## Data shown
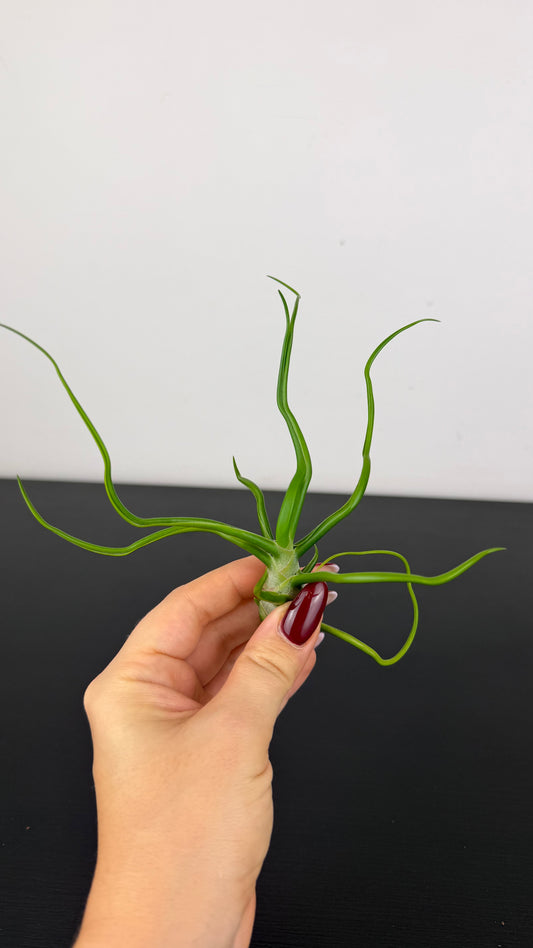 Tillandsia Air plant 18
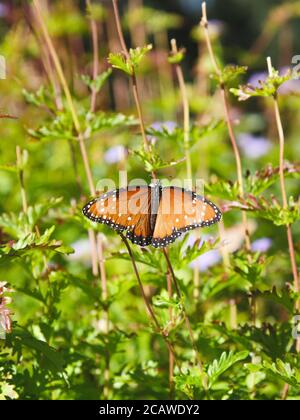 Schöne vertikale Aufnahme einer Königin Schmetterling auf Grün thront Anlagen Stockfoto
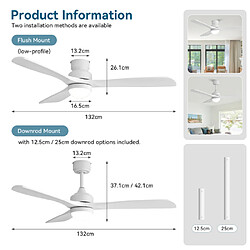 ByteLike Ventilateur de plafond lumineux 52 pouces à 3 pales en bois massif pas cher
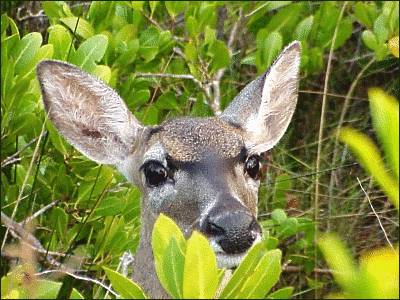 deer in mangroves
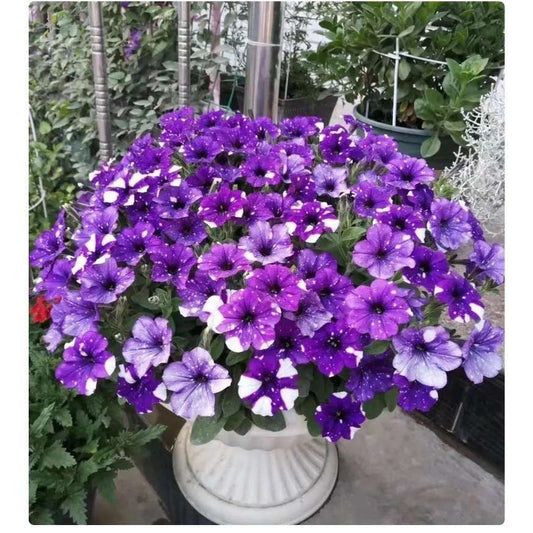 100 PCS Vibrant Fuchsia & White Spotted Dwarf Petunia Seeds - Compact, Colorful, and Perfect for Your Garden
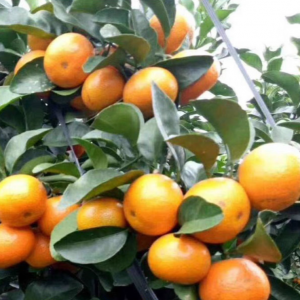 Early-Ripening Seedless Shatangju Mandarin (早熟无核沙糖桔)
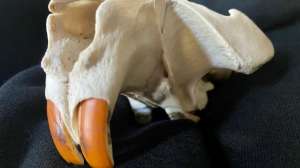 Beaver skull Euro mount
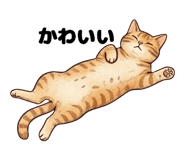 845346063
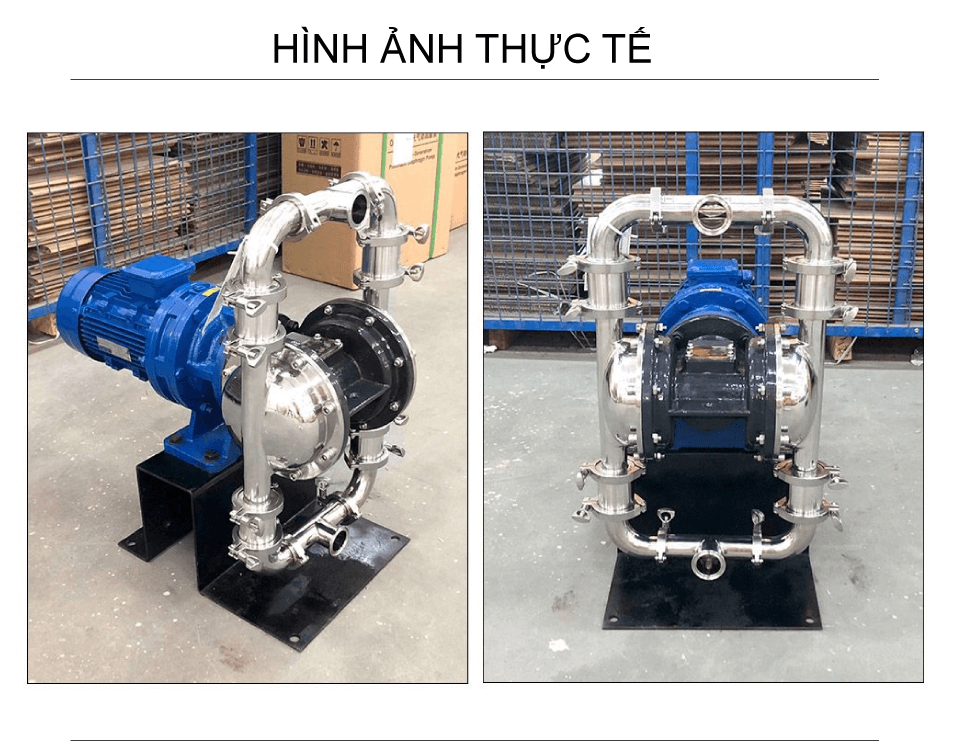 Hình ảnh thực tế bơm màng điện thực phẩm GODO DBW3S-40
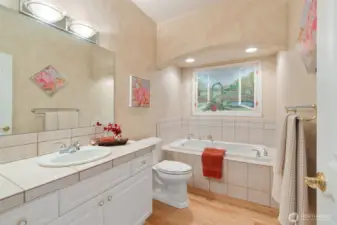 Guest bath counter and sink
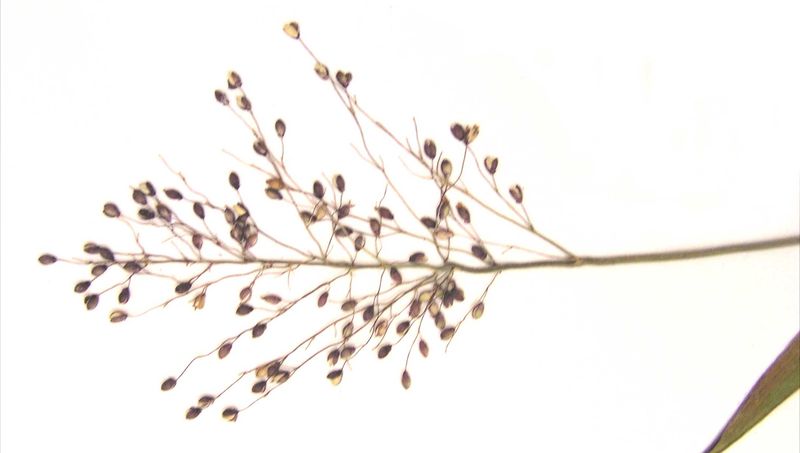 Woolly Panicum – Panicle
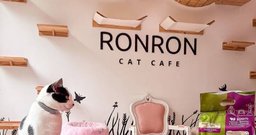 Ronron Cat Café - Foto 2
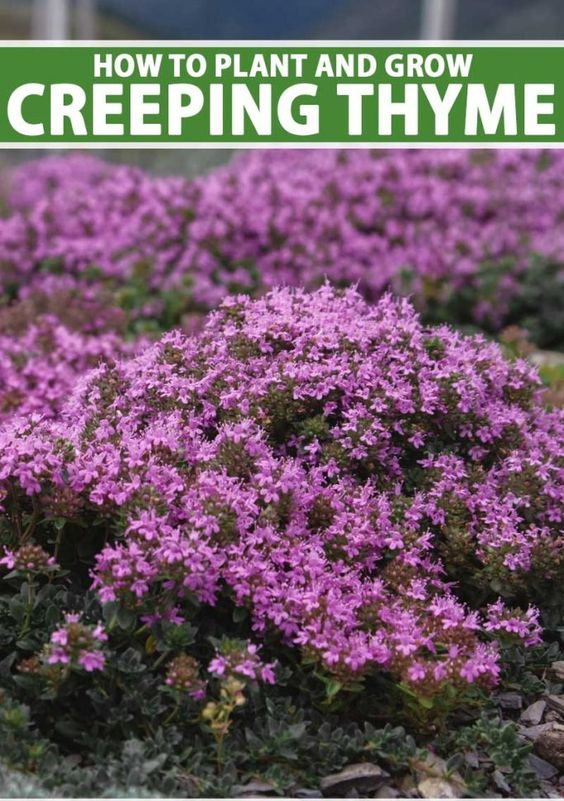 Is Creeping Thyme Invasive Growing and Managing Tips for Success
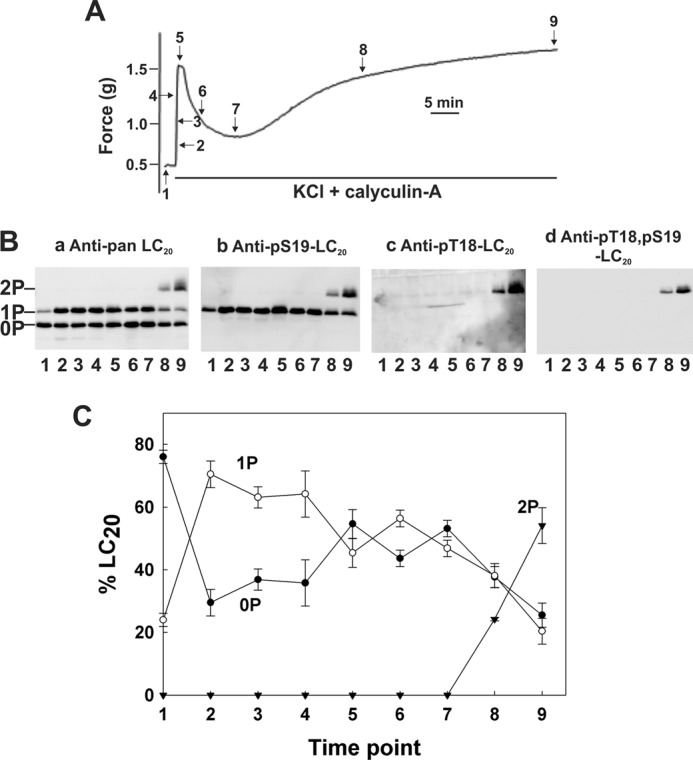 FIGURE 7.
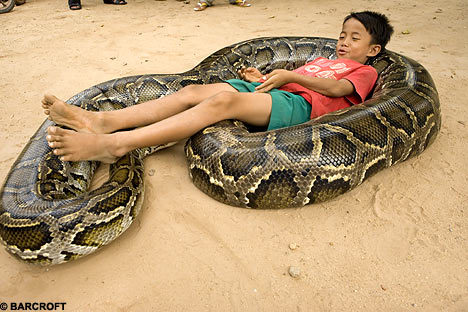 Python Snake Eating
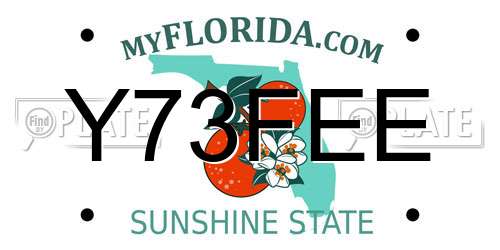 Y73FEE Florida License Plate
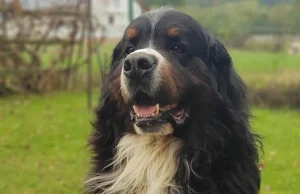 Berni, wróć! Siódmy dzień poszukiwań zaginionego psa w okolicach Rzeszowa....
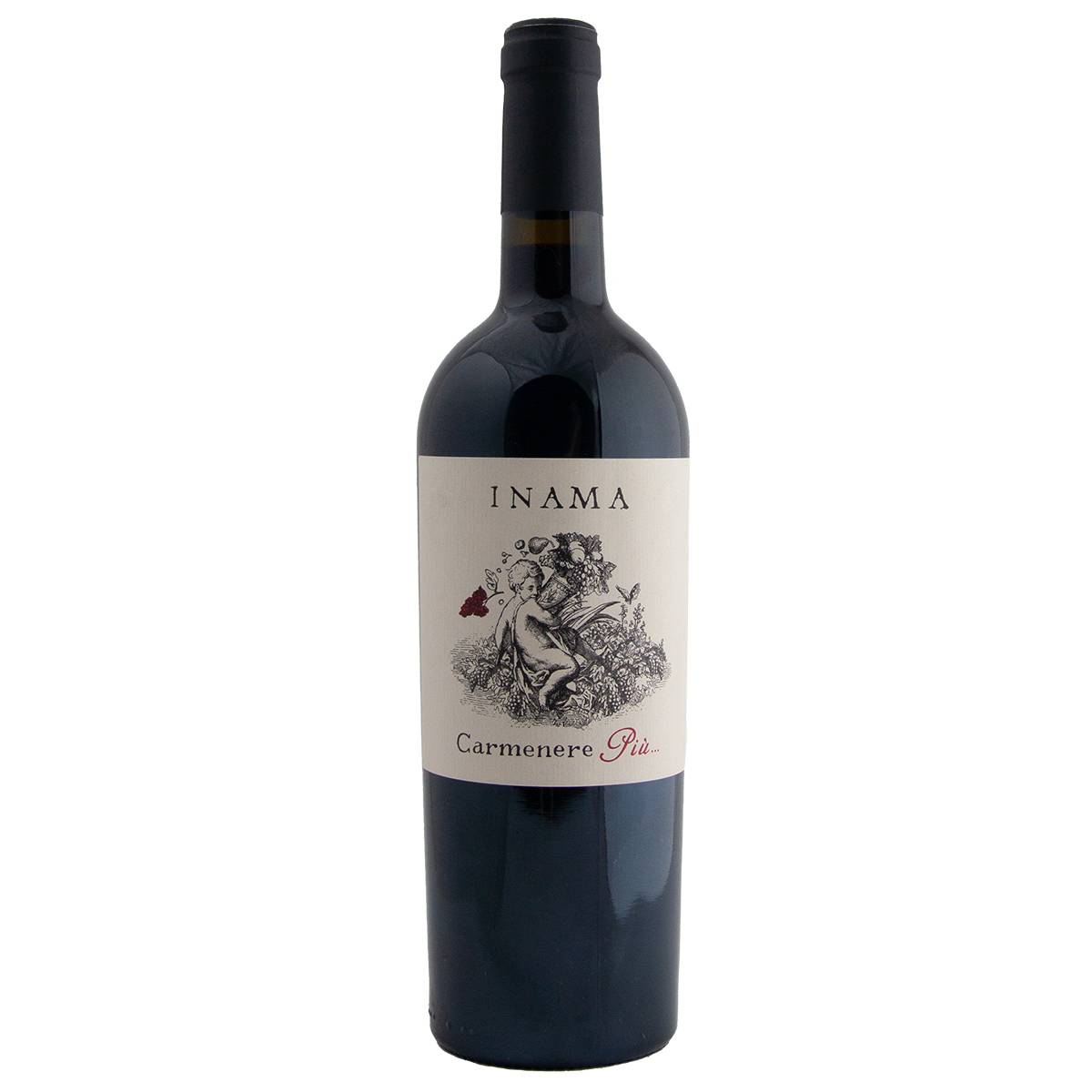 Carmenere Piu Del Veneto - www.henribloem.nl - Henri Bloem Carmenere Piu Del Veneto - www.henribloem.nl - Henri Bloem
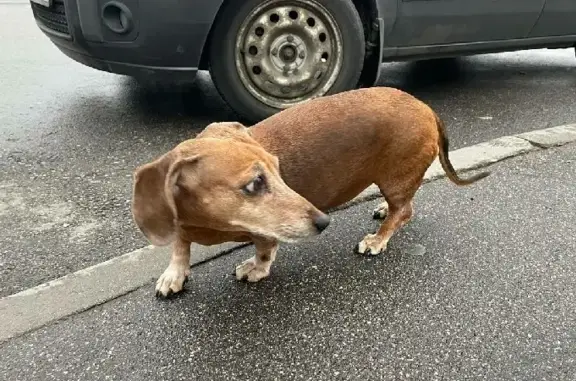 Собака Такса найдена на Заречной ул. 45 к2, Парголово.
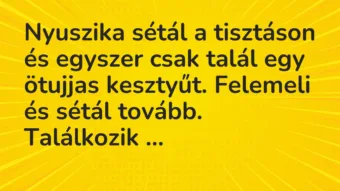 Vicc: Nyuszika sétál a tisztáson és egyszer csak talál egy ötujjas kesztyűt. Felemeli…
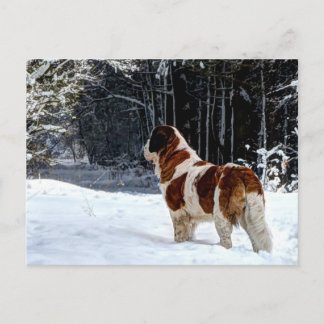 Cartão Postal De Festividades Saint Bernard snow photographic Christmas greeting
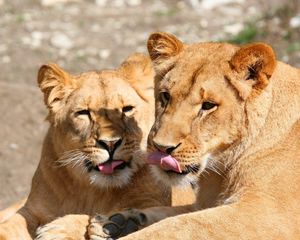 Preview wallpaper lions, lick, couple, face, predators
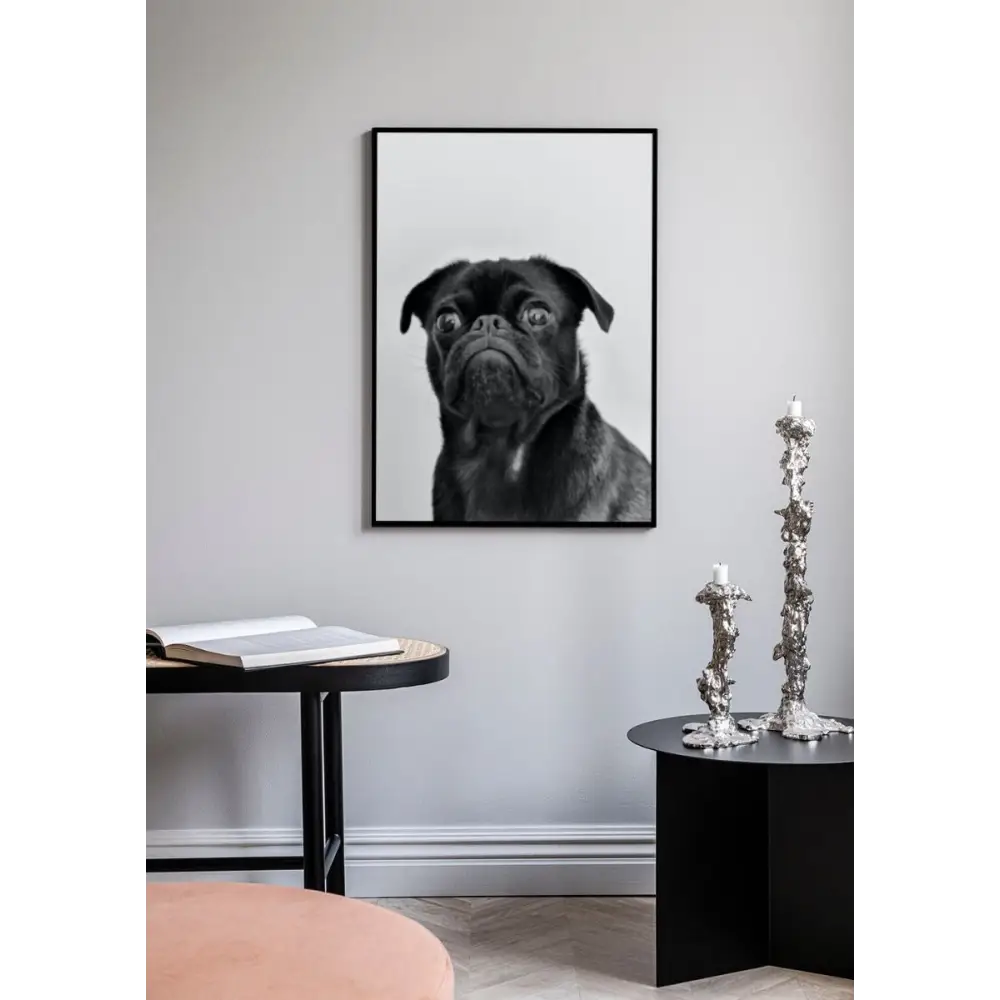 Bulldog Poster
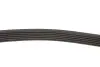 Фото Поліклиновий ремінь Gates (6PK2115) зображення 3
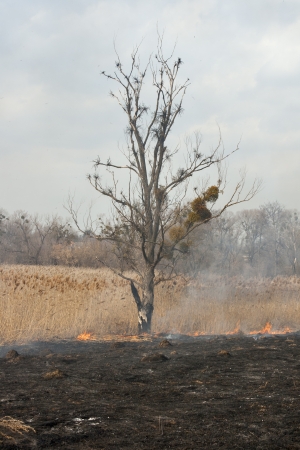 Burnt old tree on burning cane field close to the riverの写真素材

## Aim of the task
Nothing but the lines from the one containing "Is Creeping Thyme" through the last line of the listing should be copied, each word for word and without pictures.

## Answer
 Is Creeping Thyme Invasive Growing and Managing Tips for Success
 FIGURE 7.
 Python Snake Eating
 Y73FEE Florida License Plate
 Berni, wróć! Siódmy dzień poszukiwań zaginionego psa w okolicach Rzeszowa....
 Carmenere Piu Del Veneto - www.henribloem.nl - Henri Bloem Carmenere Piu Del Veneto - www.henribloem.nl - Henri Bloem
 Собака Такса найдена на Заречной ул. 45 к2, Парголово.
 Vicc: Nyuszika sétál a tisztáson és egyszer csak talál egy ötujjas kesztyűt. Felemeli…
 Cartão Postal De Festividades Saint Bernard snow photographic Christmas greeting
 Preview wallpaper lions, lick, couple, face, predators
 Bulldog Poster
 Фото Поліклиновий ремінь Gates (6PK2115) зображення 3
 Burnt old tree on burning cane field close to the riverの写真素材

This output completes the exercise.